(Provided entries begins)
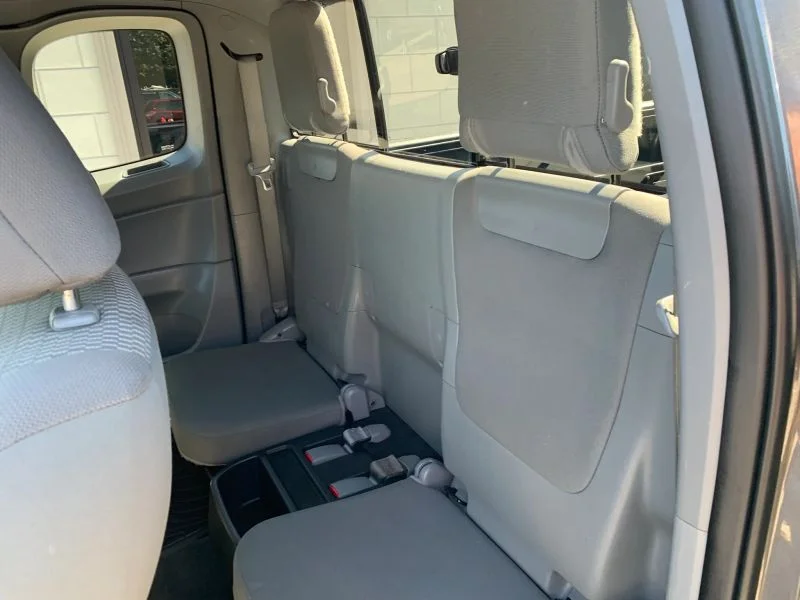 Used 2015 Gray Toyota Pickup 4D 6 ft image 27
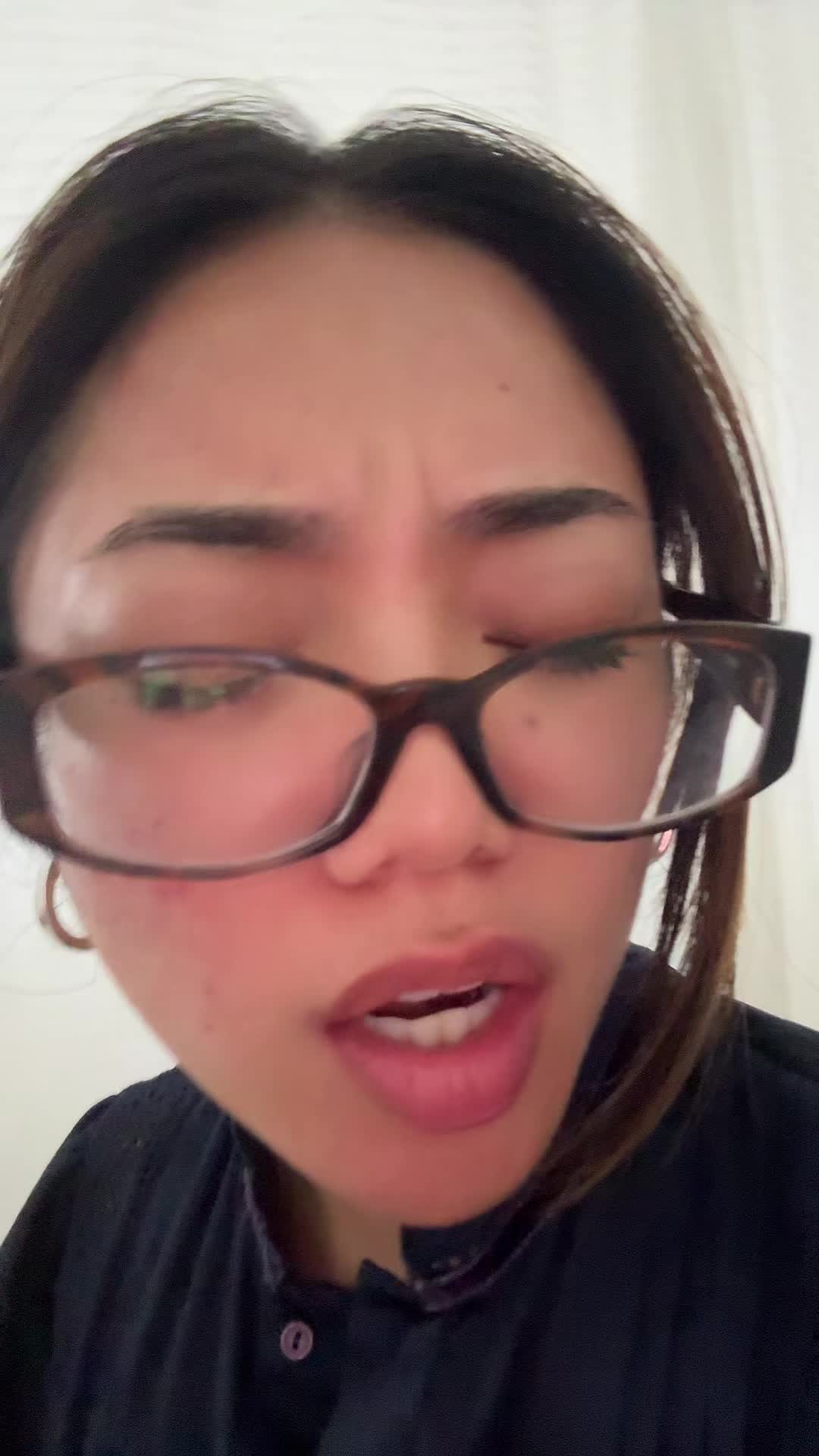 @???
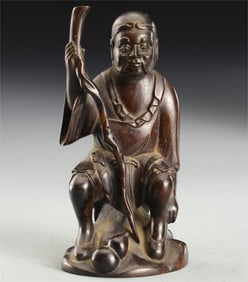A beautiful small-leaved rosewood iron crutch Li seated statue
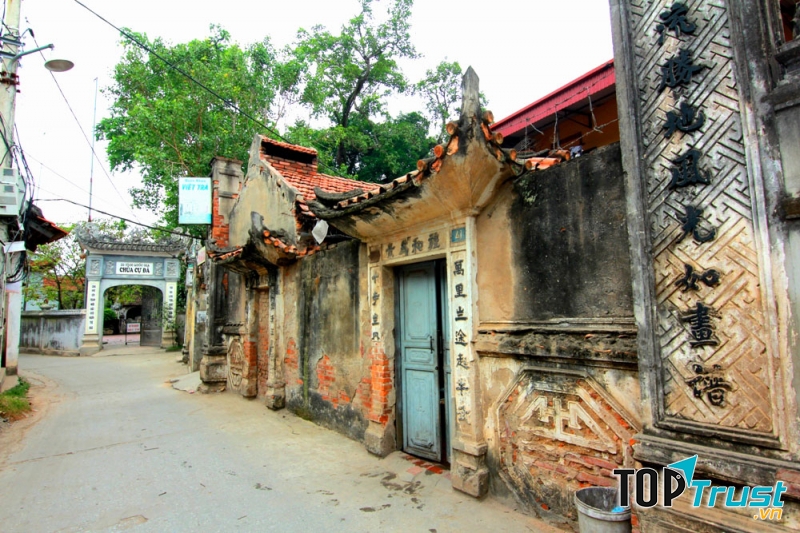 Một góc của làng cổ Cự Đà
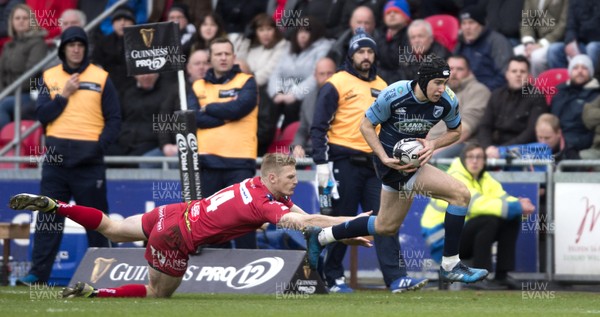 010117 - Scarlets v Cardiff Blues - Guinness PRO12 - Rhun Williams of Cardiff Blues beats tackle by Johnny Mcnicholl of Scarlets by Ben Evans/Huw Evans Agency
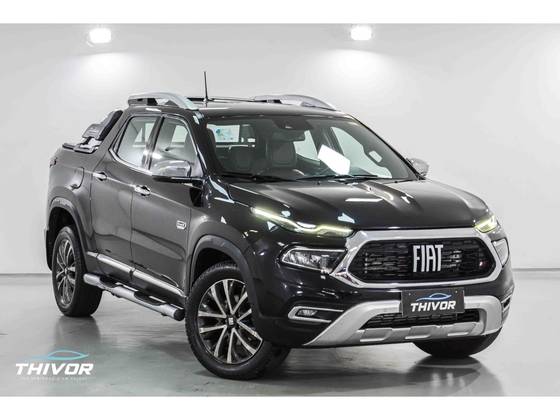 FIAT TORO 2.0 16V TURBO DIESEL RANCH 4WD AT9 FIAT TORO 2.0 16V TURBO DIESEL RANCH 4WD AT9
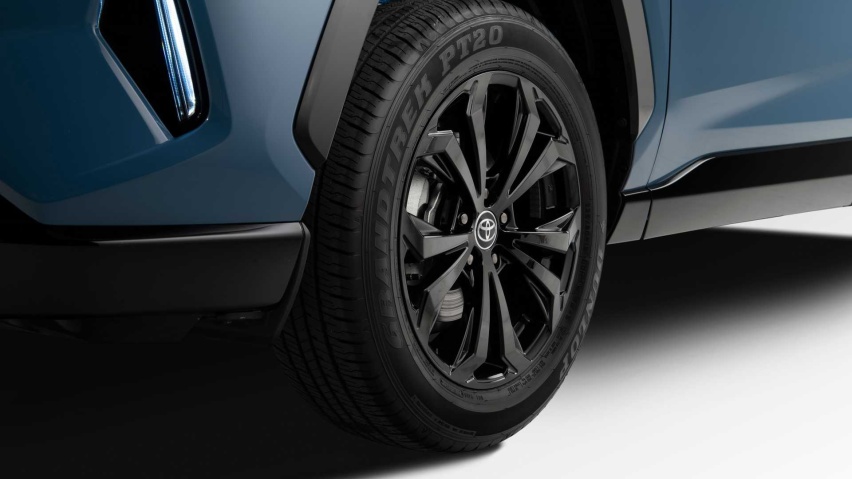 海外版2022款丰田RAV4官图发布！强迫症能接受中控屏加按键吗？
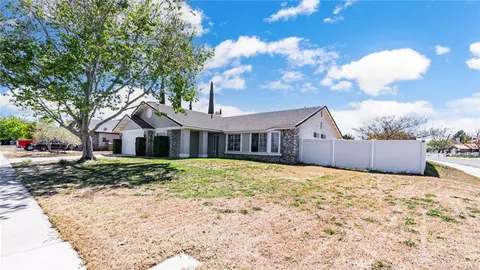 6920 11th, Hesperia, CA 92345 photo 2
(Provided entries ends)
#### Problem requirements:
Each record above must be retyped exactly as given, with the images excluded.

#### Answer below:
 Used 2015 Gray Toyota Pickup 4D 6 ft image 27
 @???
A beautiful small-leaved rosewood iron crutch Li seated statue
 Một góc của làng cổ Cự Đà
 010117 - Scarlets v Cardiff Blues - Guinness PRO12 - Rhun Williams of Cardiff Blues beats tackle by Johnny Mcnicholl of Scarlets by Ben Evans/Huw Evans Agency
 FIAT TORO 2.0 16V TURBO DIESEL RANCH 4WD AT9 FIAT TORO 2.0 16V TURBO DIESEL RANCH 4WD AT9
 海外版2022款丰田RAV4官图发布！强迫症能接受中控屏加按键吗？
 6920 11th, Hesperia, CA 92345 photo 2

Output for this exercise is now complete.